Exercise aim> Copy out exactly the stretch of the listing below that begins at the line containing "Police Zipper1Cyr –" and ends at the line containing "Pink Motherly Love", and copy nothing outside it.

Supplied data>
*** Begin section ***
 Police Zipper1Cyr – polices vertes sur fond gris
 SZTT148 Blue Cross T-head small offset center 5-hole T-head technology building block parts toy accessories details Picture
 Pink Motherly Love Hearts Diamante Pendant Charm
*** End section ***
*** Begin section ***
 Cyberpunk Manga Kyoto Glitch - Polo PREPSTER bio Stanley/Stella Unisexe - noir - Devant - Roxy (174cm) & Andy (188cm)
*** End section ***
Exercise response>
 Police Zipper1Cyr – polices vertes sur fond gris
 SZTT148 Blue Cross T-head small offset center 5-hole T-head technology building block parts toy accessories details Picture
 Pink Motherly Love Hearts Diamante Pendant Charm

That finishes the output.